In the Waiting Line
Article by Ben Goldstein, Image by Mikayla J. Yurman
I get to the restaurant — a trendy, ambiguously Mediterranean place — just a few minutes before opening. To my dismay, there is already a throng of yuppies at the door. I reluctantly take my place behind what appears to be the entire Salesforce marketing department and settle in for a long wait. The line jolts forward when the doors finally open, allowing me a modicum of hope. “Just a bar seat for one,” I request. I can even see a few free seats past the French tourists and moneyed hipster families. The host whizzes through a few screens on a handy little tablet before graciously replying, “Your table should be ready in four hours.” Why not just dunk me headfirst into a vat of tabbouleh?
New York City has a way of reminding you that not only are you far from the first person to want something, you are certainly not the most important or well-connected or attractive person to want it.
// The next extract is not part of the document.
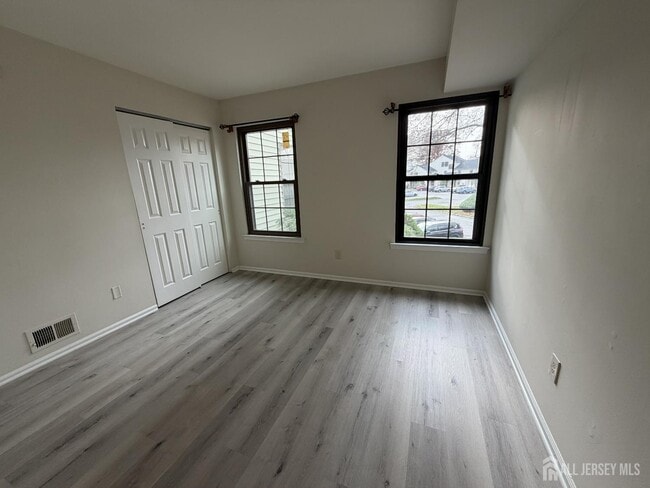 Building Photo - 1709 Woodbridge Commons Way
It’s a given that you’ll have to wait in line sometimes in a city of some nine million, but lately the competition seems a little more feverish, a little more overwrought. The Internet has given everyone a platform to not only create consensus on the best Italian restaurant or handbag accessory or nightclub, but to make attaining them a distributed status game that feels impossible to win.
I’m conflicted about this state of affairs. One one hand, it is really fun to slip past a long line of presumably jealous onlookers. Getting a guest list spot for a show that’s absolutely, unequivocally sold out doesn’t make the music any better, but it does warm the spirit with a smug sense of satisfaction. Of course, the altruist in me bristles at my own disdain. Ticket queues and reservation drops might ostensibly be fair, but in practice are anything but. Hours into a wait, it’s tempting to daydream of a more egalitarian system. From each according to his ability, to each according to his need to be front row at Cameron Winter’s show?
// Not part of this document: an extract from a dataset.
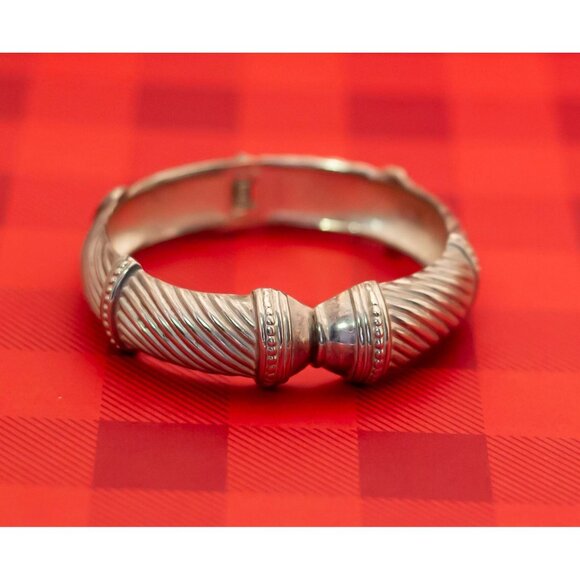 Vintage Gothic Silver Tone Hinged Bangle 7 Inches - O21 - Picture 1 of 3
Shameless namedropping aside, it’s clear that popular enthusiasm for the line is still going strong. What used to be a surefire sign of a tourist is becoming more and more of an everyday routine. Much of the white collar class in New York is still flush with cash, and so too are their friends and rivals with which they jockey for status. A recent study found that the highest-earning 10% of Americans account for almost half of all spending. Some people still have money to burn, and the only thing better than a fancy $250 dinner is a fancy $250 dinner half the city is beating down the door to eat.
So for now it seems the line calculus still makes sense for many. Rally the troops in the groupchat, set your calendar for the Resy update, remind your friend’s roommate that if she doesn’t show up you will charge her the twenty-five dollar cancellation fee so help me God. When the tide does turn, however, we would all do well to remember that the city is full of underappreciated venues of all kinds. Restaurants where Eater doesn’t eat. Bars with live bands that you only find out about once they start playing. Diners that have yet to undergo a clout-focused rebirth. They’re out there, and even your friend’s roommate might find something to like.
The line can never truly die in a city as big as New York. There’s just too many people who all want to be in the same place at the same time. But I hope that maybe we can think a little bit more critically about the lines we sign up to join, and ask ourselves the all important question: Do I really have nothing better to do than stand around here for three hours? If you can answer that question with confidence, you’re already well on your way.
After the Mediterranean restaurant debacle, I try to piece my evening back together and head out to Knockdown Center for a DJ I’ve been wanting to see. I entertain the idea of going to Basement first, but quickly forget about it when I see a line of gargantuan proportions snaking out of the entryway. A few hours pass by at Knockdown, and I leave to get my Uber home. Tantalizingly, temptingly, there’s only three people in line for Basement. I cancel my Uber and walk over to the back of the blissfully short line. At my feet I find an abandoned ten dollar bill, still tightly rolled up. Maybe it’s just about being in the right place at the right time.